_AIM OF THE TASK_. Pictures excluded, reproduce exactly the lines below from the one with "16 Belgrave Avenue, Bay" through the one with "2242 NW 4th ST", both included.

_SUPPLIED RECORDS_.
○ ○ ○ ○ ○ ○ ○

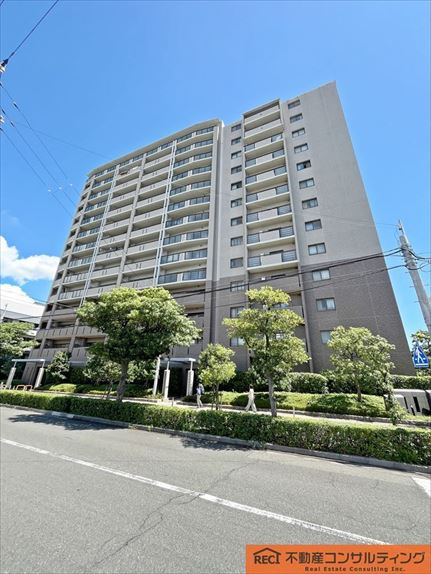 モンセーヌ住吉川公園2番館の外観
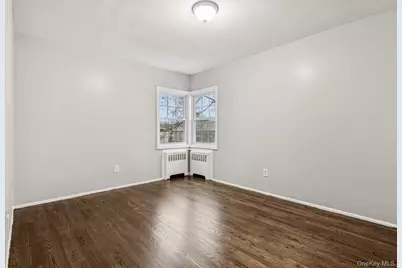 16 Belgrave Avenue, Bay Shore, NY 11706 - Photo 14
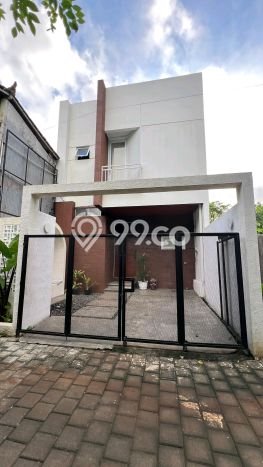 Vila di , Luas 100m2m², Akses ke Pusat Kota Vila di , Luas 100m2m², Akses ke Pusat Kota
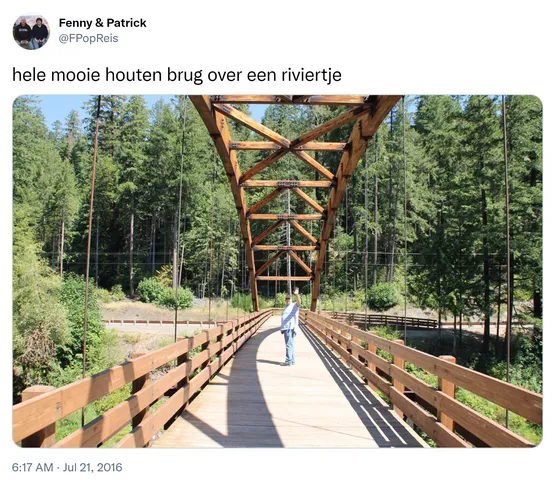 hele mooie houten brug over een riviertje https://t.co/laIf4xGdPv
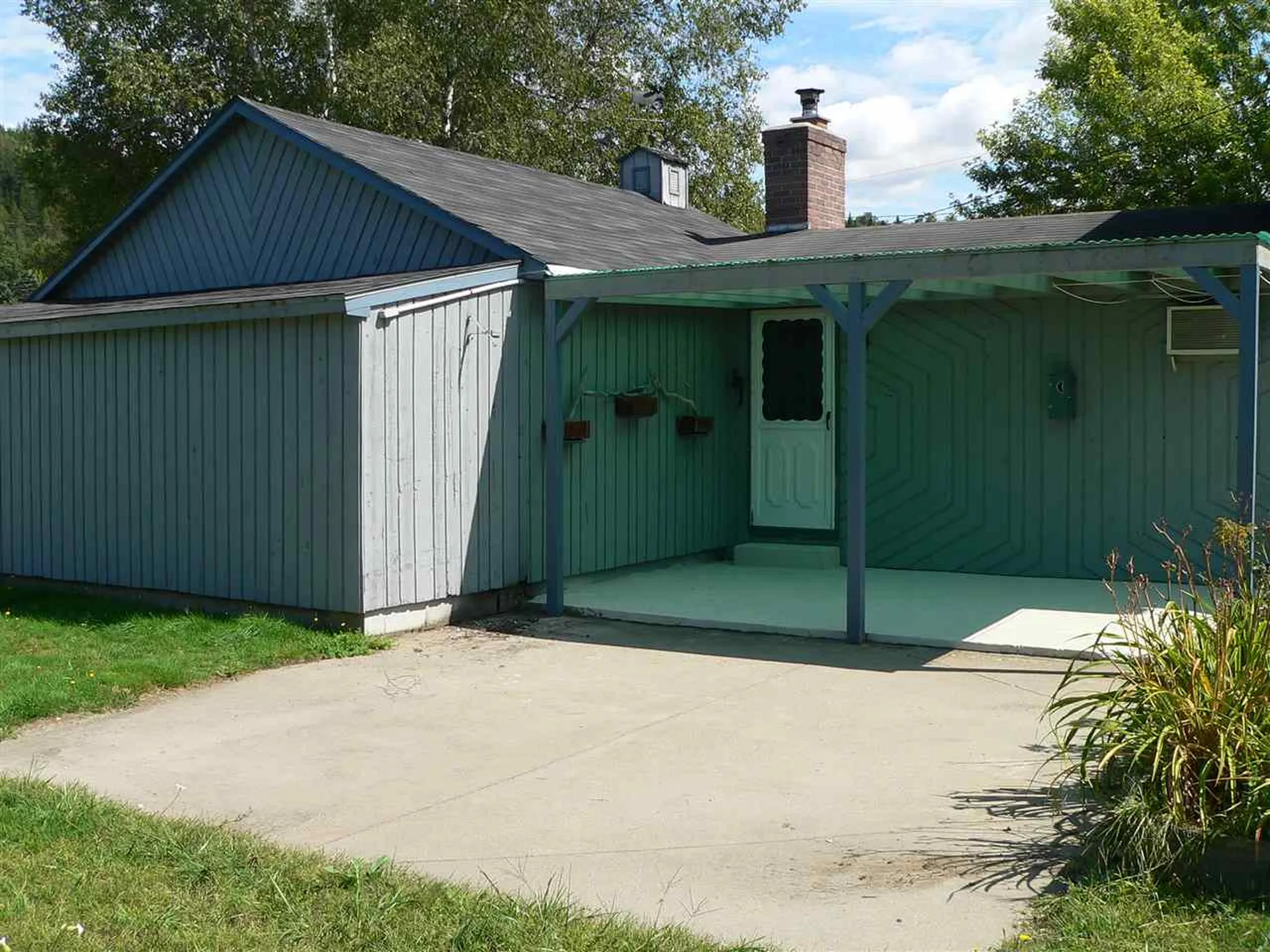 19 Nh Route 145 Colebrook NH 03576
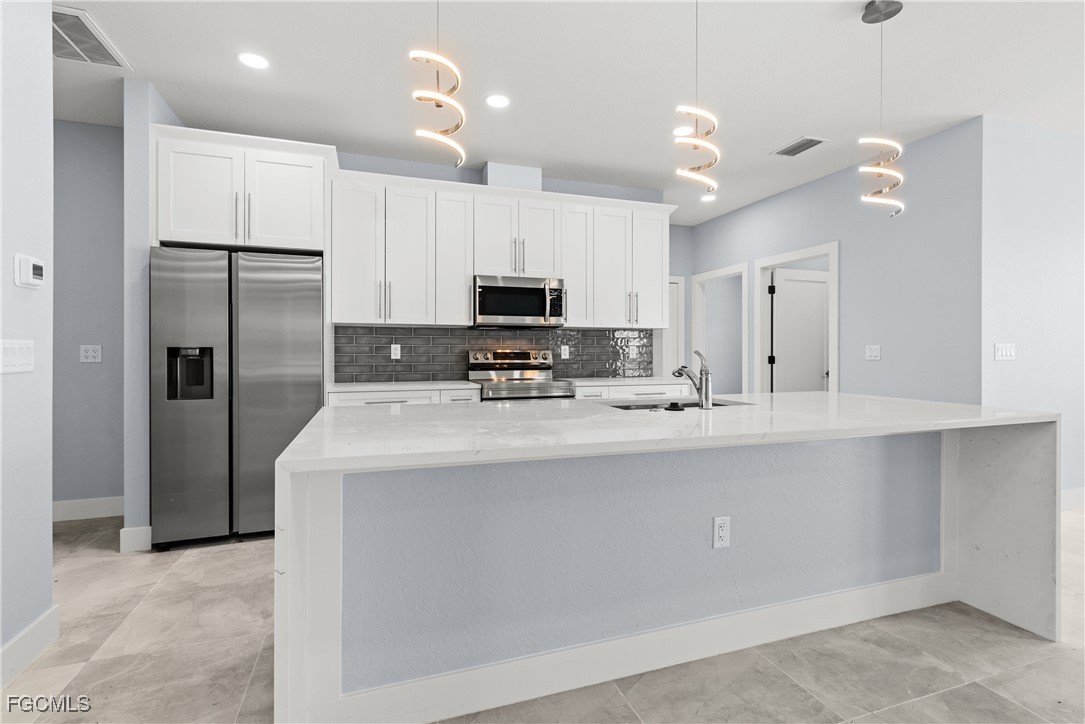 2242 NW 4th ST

○ ○ ○ ○ ○ ○ ○

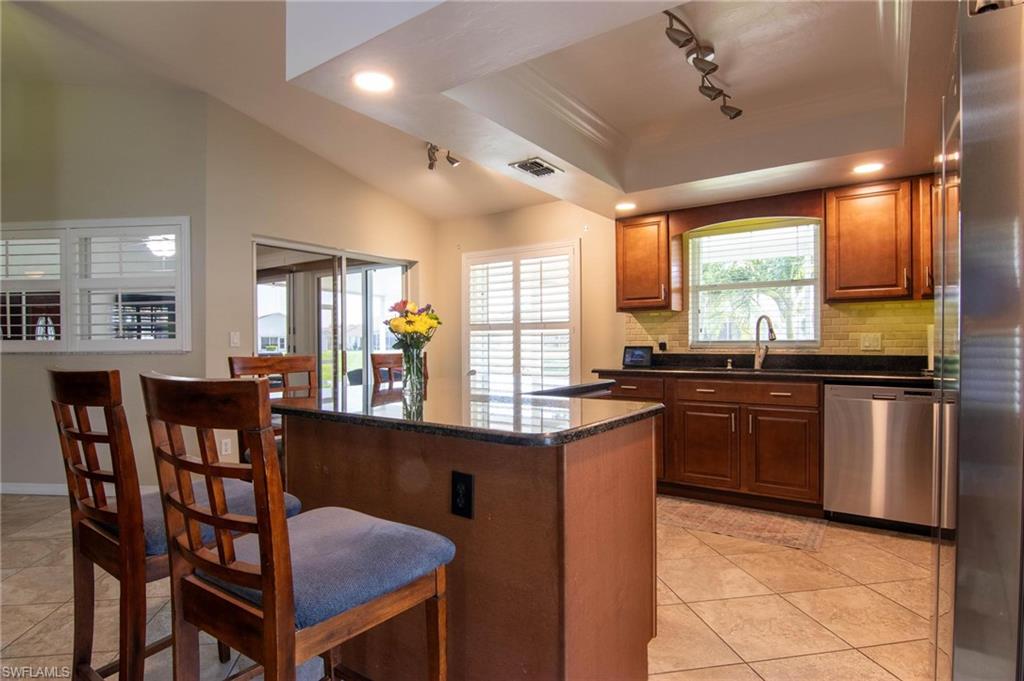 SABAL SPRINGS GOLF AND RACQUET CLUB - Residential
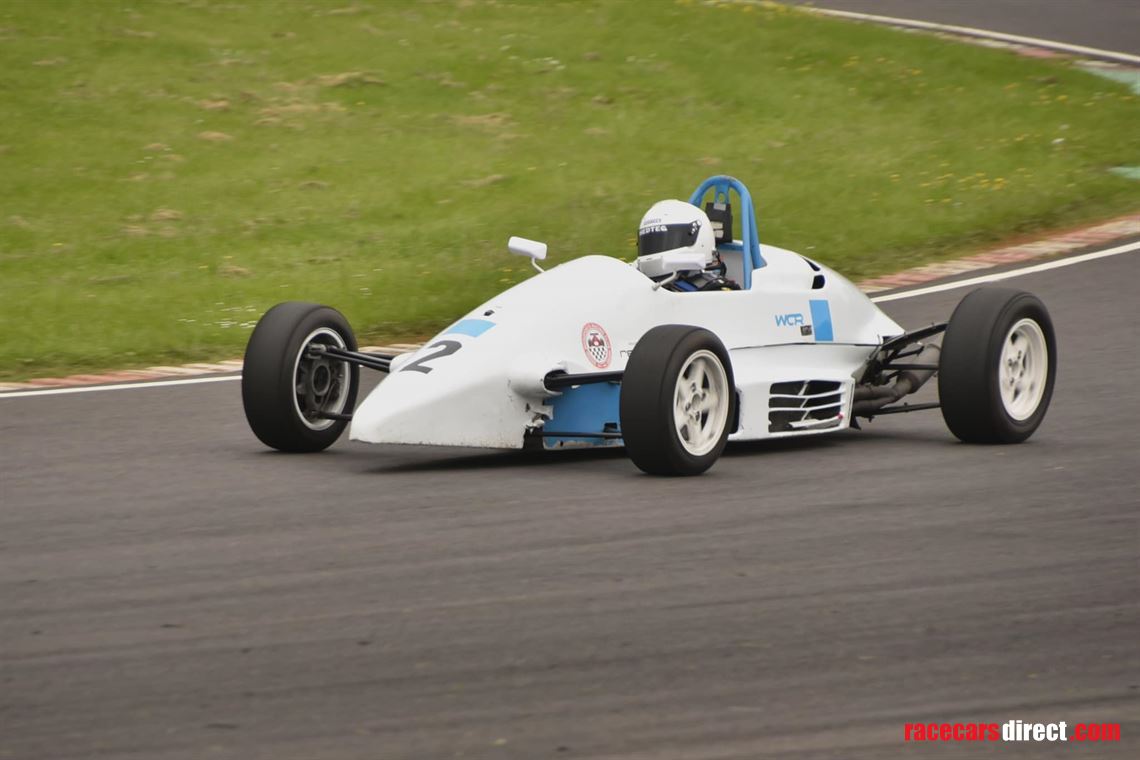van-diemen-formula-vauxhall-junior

○ ○ ○ ○ ○ ○ ○

_OUTPUT FOR THIS TASK_.
 16 Belgrave Avenue, Bay Shore, NY 11706 - Photo 14
 Vila di , Luas 100m2m², Akses ke Pusat Kota Vila di , Luas 100m2m², Akses ke Pusat Kota
 hele mooie houten brug over een riviertje https://t.co/laIf4xGdPv
 19 Nh Route 145 Colebrook NH 03576
 2242 NW 4th ST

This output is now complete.